## [WORK ITEM]
An exact copy of all the entries is what is needed here.
.....
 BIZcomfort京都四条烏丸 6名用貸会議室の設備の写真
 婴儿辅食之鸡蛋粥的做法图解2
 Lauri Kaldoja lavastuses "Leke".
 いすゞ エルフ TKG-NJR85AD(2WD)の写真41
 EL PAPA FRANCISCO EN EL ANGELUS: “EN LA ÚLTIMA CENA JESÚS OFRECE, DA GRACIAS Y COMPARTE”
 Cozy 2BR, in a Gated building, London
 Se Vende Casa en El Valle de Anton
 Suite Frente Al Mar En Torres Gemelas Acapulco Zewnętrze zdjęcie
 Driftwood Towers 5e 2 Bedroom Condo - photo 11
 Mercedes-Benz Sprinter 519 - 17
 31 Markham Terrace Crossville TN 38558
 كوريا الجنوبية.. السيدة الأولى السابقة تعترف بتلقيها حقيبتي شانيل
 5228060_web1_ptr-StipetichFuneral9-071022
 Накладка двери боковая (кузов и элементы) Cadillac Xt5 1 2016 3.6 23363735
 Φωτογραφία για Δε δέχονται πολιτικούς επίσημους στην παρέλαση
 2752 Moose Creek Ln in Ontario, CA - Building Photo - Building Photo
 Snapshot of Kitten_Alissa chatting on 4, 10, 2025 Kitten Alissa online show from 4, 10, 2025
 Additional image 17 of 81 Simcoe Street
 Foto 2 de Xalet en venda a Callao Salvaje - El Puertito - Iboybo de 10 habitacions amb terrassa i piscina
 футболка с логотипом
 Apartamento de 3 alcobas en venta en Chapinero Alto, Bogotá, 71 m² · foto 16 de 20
.....
## [COMPLETED EXERCISE]
 BIZcomfort京都四条烏丸 6名用貸会議室の設備の写真
 婴儿辅食之鸡蛋粥的做法图解2
 Lauri Kaldoja lavastuses "Leke".
 いすゞ エルフ TKG-NJR85AD(2WD)の写真41
 EL PAPA FRANCISCO EN EL ANGELUS: “EN LA ÚLTIMA CENA JESÚS OFRECE, DA GRACIAS Y COMPARTE”
 Cozy 2BR, in a Gated building, London
 Se Vende Casa en El Valle de Anton
 Suite Frente Al Mar En Torres Gemelas Acapulco Zewnętrze zdjęcie
 Driftwood Towers 5e 2 Bedroom Condo - photo 11
 Mercedes-Benz Sprinter 519 - 17
 31 Markham Terrace Crossville TN 38558
 كوريا الجنوبية.. السيدة الأولى السابقة تعترف بتلقيها حقيبتي شانيل
 5228060_web1_ptr-StipetichFuneral9-071022
 Накладка двери боковая (кузов и элементы) Cadillac Xt5 1 2016 3.6 23363735
 Φωτογραφία για Δε δέχονται πολιτικούς επίσημους στην παρέλαση
 2752 Moose Creek Ln in Ontario, CA - Building Photo - Building Photo
 Snapshot of Kitten_Alissa chatting on 4, 10, 2025 Kitten Alissa online show from 4, 10, 2025
 Additional image 17 of 81 Simcoe Street
 Foto 2 de Xalet en venda a Callao Salvaje - El Puertito - Iboybo de 10 habitacions amb terrassa i piscina
 футболка с логотипом
 Apartamento de 3 alcobas en venta en Chapinero Alto, Bogotá, 71 m² · foto 16 de 20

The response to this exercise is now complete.